Nicht in die Irre führen lassen solle sich der Leser vom zweideutigen Titel Das Vorspiel, und der Untertitel Begegnungen mit Musik in 15 Variationen klärt auch sofort darüber auf, dass es sich bei Carolin Pirichs Buch nicht um Handreichungen für ein glückliches Liebesleben handelt, sondern um klassische Musik. Nicht ganz nachvollziehbar ist die Gliederung des Buches in fünf Teile, von denen die drei mittleren umrahmt werden von Das Konzert I und Das Konzert II und aus vier oder sechs Kapiteln bestehen, die inhaltlich nichts miteinander zu tun haben, außer dass ihnen jeweils ein Zitat eines Musikers vorangestellt ist.

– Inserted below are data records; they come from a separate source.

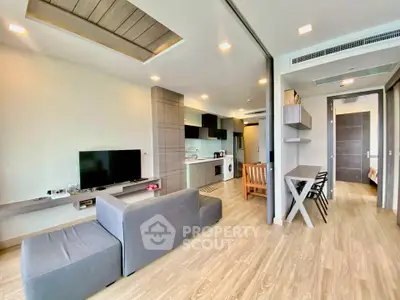 Modern open-layout living room with sleek kitchen and stylish furniture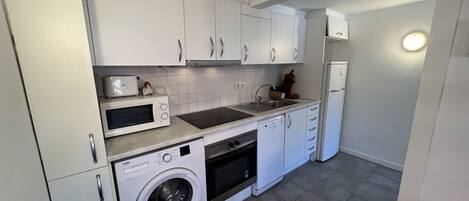 A compact kitchen with white cabinets, a microwave, a toaster, a sink, a dishwasher, and a washing machine.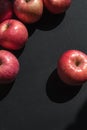 Ripe pink apples on a black surface, top view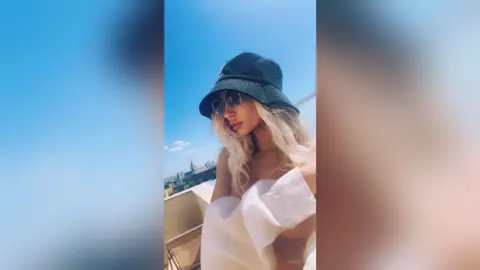 Blonde woman in a black bucket hat and white top posing under a bright blue sky on a sunny balcony.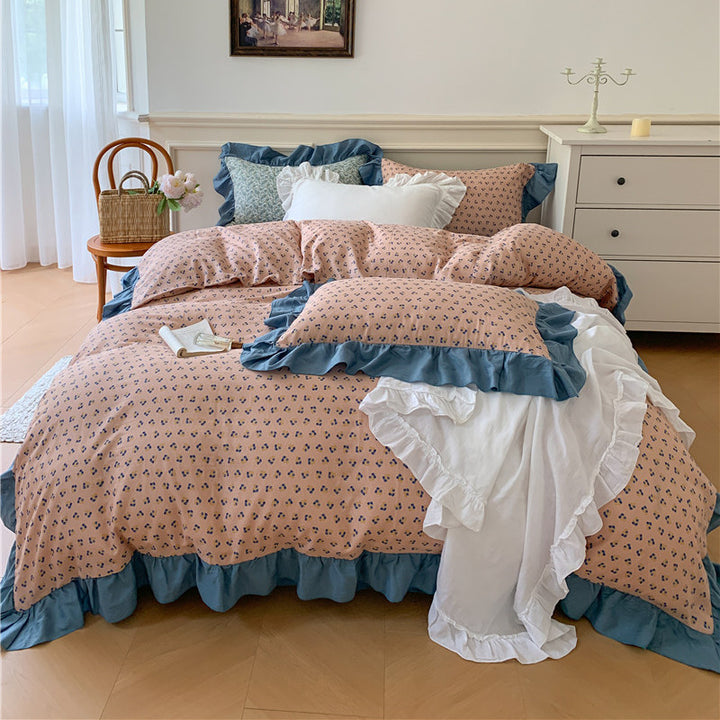 Romantic bed linen complete set made of cotton percale with delicate floral print, ruffle trim, and silky-matte finish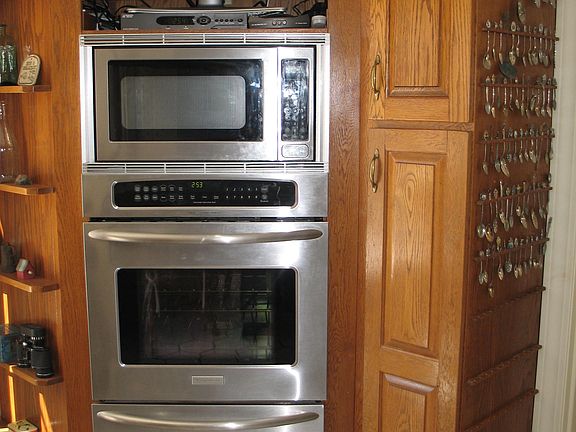 Conv. oven, warming oven with built in microwave and room for your TV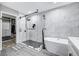 Luxurious bathroom with a glass-enclosed shower, soaking tub, and marble-style tiling at 8316 Maplestar Rd, Las Vegas, NV 89128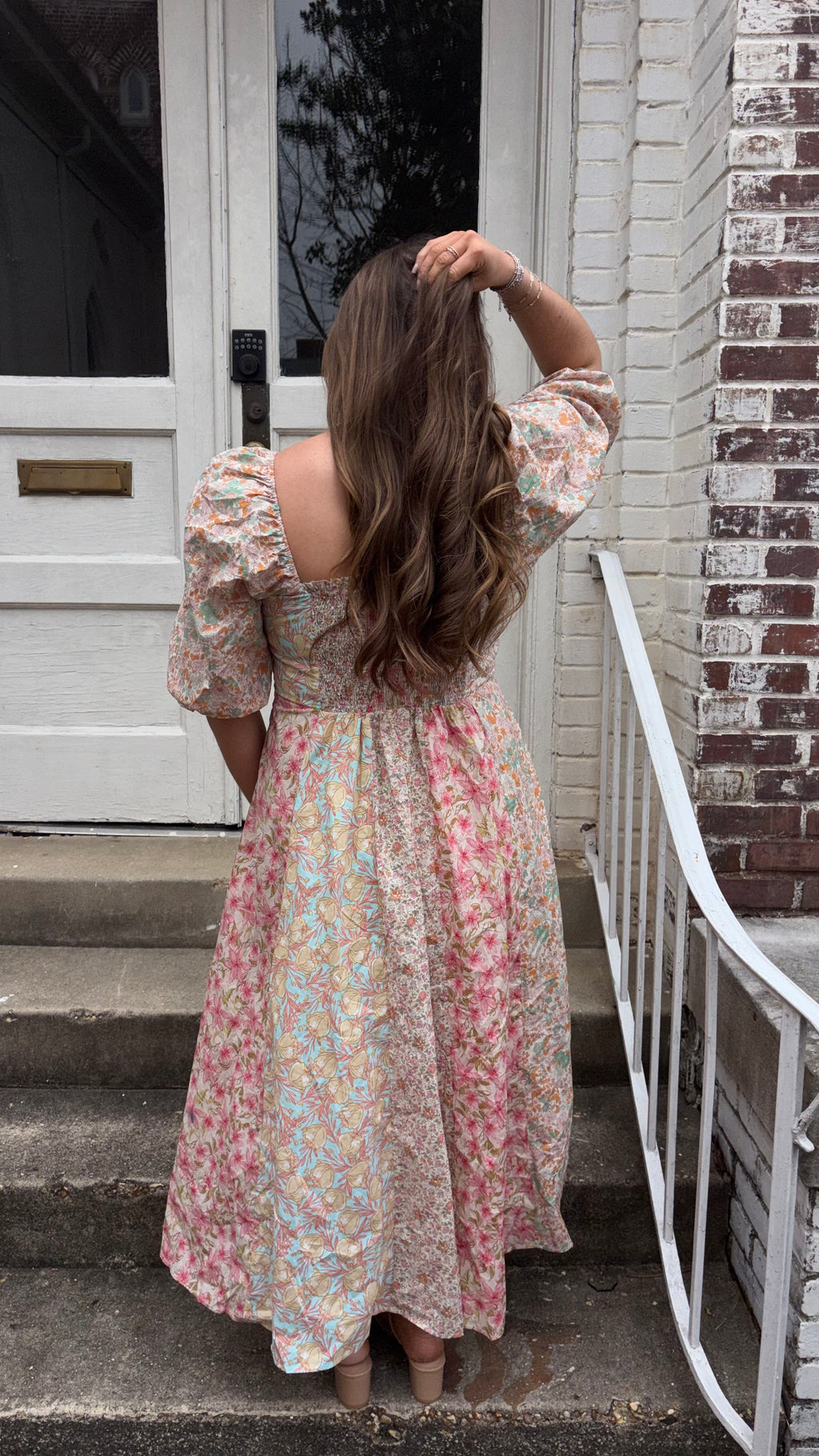 Woman in a floral dress standing on steps outside a house.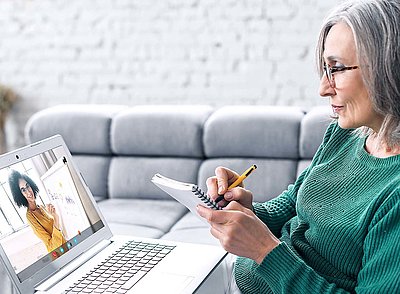 Older lady with gray hair, glasses, and green sweater sits at coffee table with pen and paper in front of laptop and notes important information from a webinar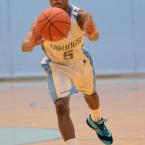 Cape senior guard Tyreik Burton passes down low to David Kwan during the Vikings' win over Indian River. BY DAN COOK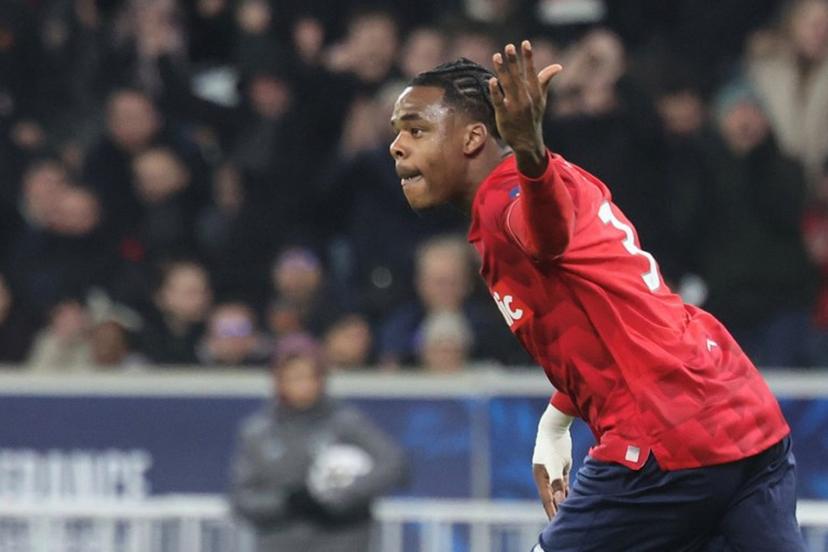 Lille's Belgian defender #03 Nathan Ngoy celebrates scoring his team's first goal during the French Cup round of 32 football match between Lille OSC and Olympique Lyonnais at the Stade Pierre-Mauroy in Villeneuve-d'Ascq, northern France on January 11, 2026.  Francois LO PRESTI / AFP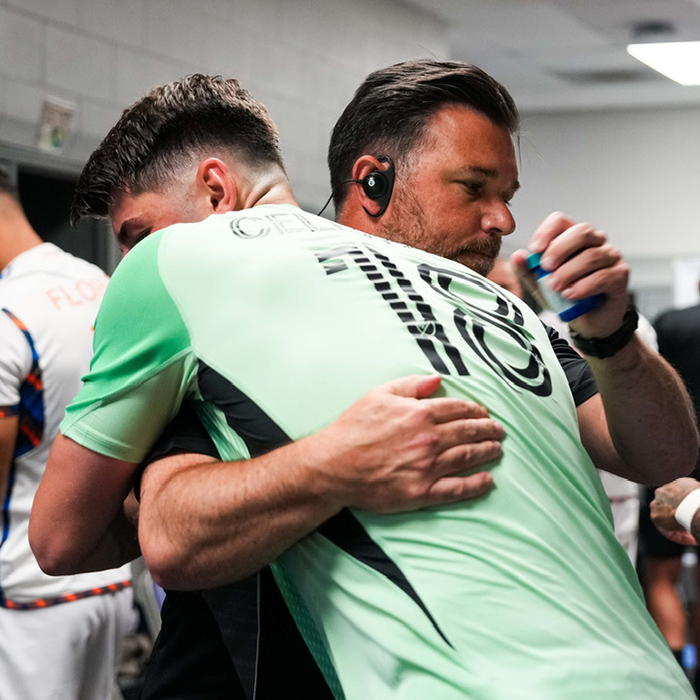 Patrick Tanner hugging a soccer player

Die Rahmenhandlung schildert Vorbereitung und Durchführung eines Konzerts zu Corona-Zeiten auf einer Insel im Berliner Wannsee, wobei die Verschiffung des Flügels und dessen Transport auf einem Boot eine besondere Herausforderung darstellen und anschaulich geschildert werden. Diese wie auch die anderen Texte scheinen weniger die einer Journalistin als die einer Schriftstellerin zu sein, ganz besonders diejenigen mit dem titelgebenden Das Vorspiel oder mit Klassischer Krimi. In ihnenwird Spannung erzeugend mit Zeitsprüngen zwischen aktueller Handlung und Rückschau gespielt, auch in Konzert I wechseln Handlung und Reflexion einander ab und machen den jeweiligen Text zu einer so spannenden wie aufschlussreichen Lektüre.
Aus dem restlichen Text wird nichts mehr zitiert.